## Work instruction
Reproduce exactly the line with "Proctor Silex Iron, TV" and every line that follows it below, up to and including the last one. Do not include pictures or anything else.
[[ Information supplied, beginning ]]
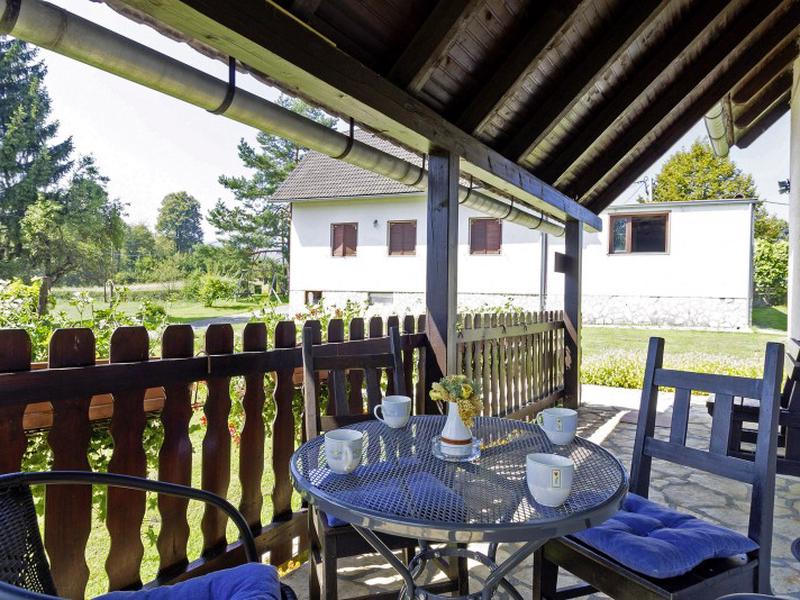 FF33EAEBBC70236F22B33239945177FA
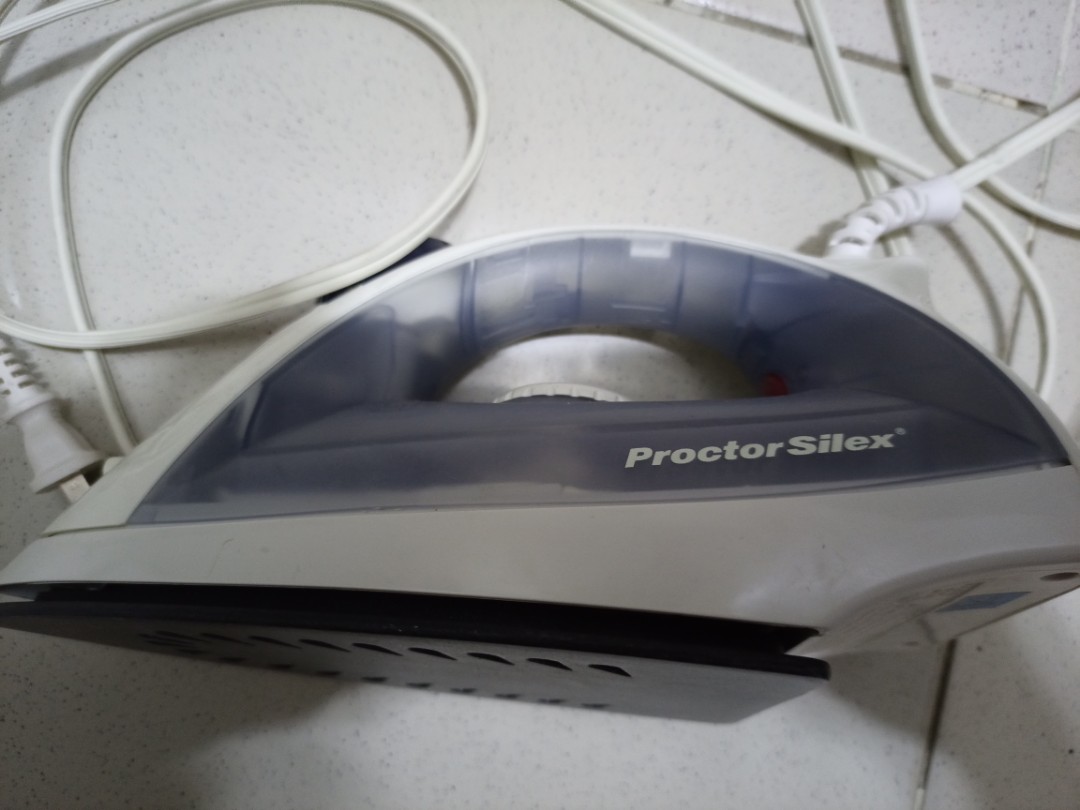 Proctor Silex Iron, TV & Home Appliances, Irons & Steamers on Carousell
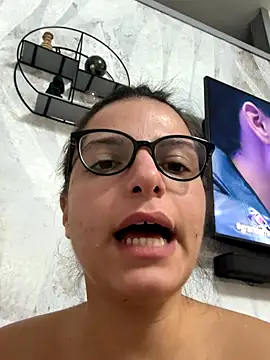 Coupleorny nude strip on cam for live sex chat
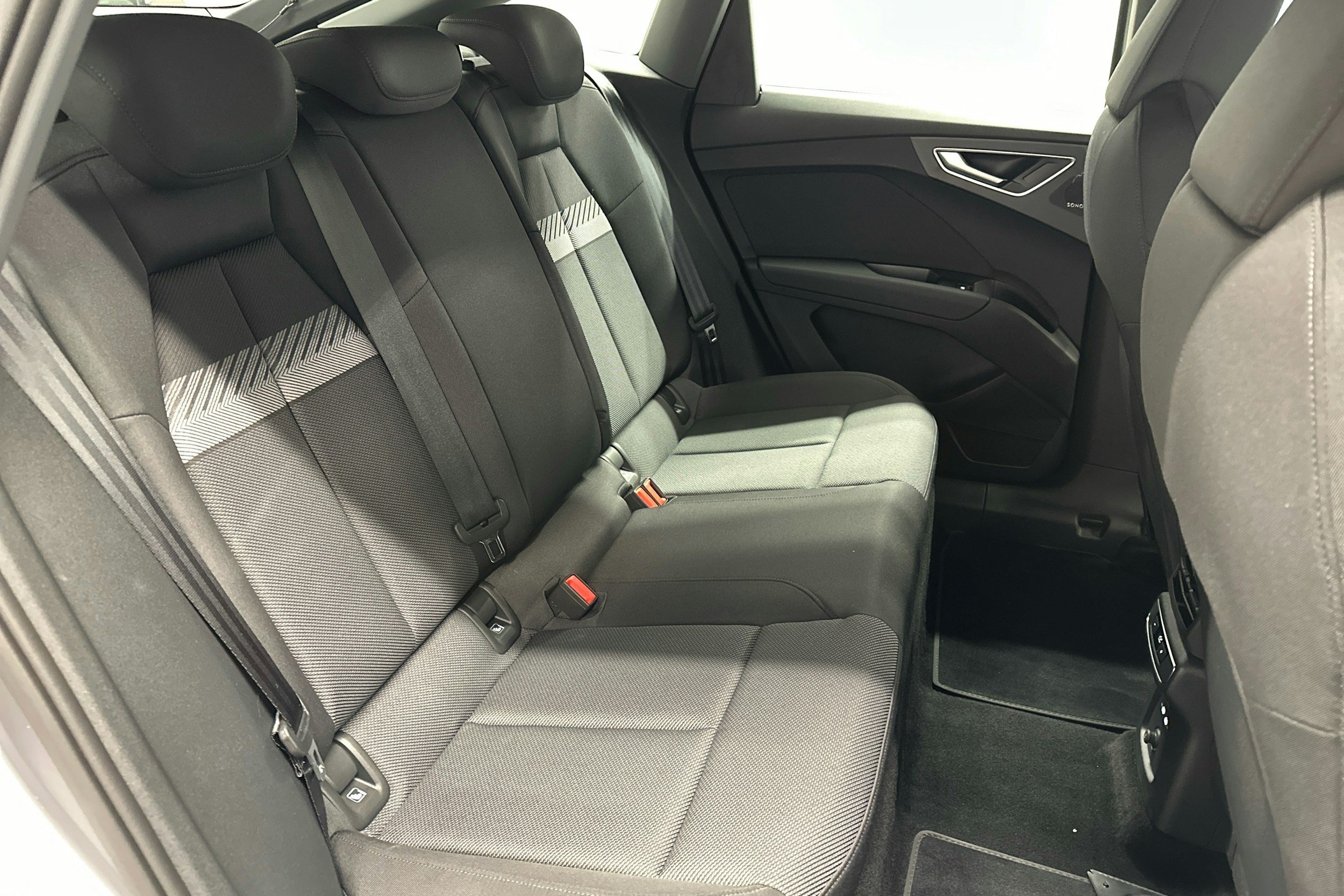 Harmaa Audi Q4 e-tron 2024 kuva 13.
[[ Information supplied, end ]]
## Solution to this exercise
 Proctor Silex Iron, TV & Home Appliances, Irons & Steamers on Carousell
 Coupleorny nude strip on cam for live sex chat
 Harmaa Audi Q4 e-tron 2024 kuva 13.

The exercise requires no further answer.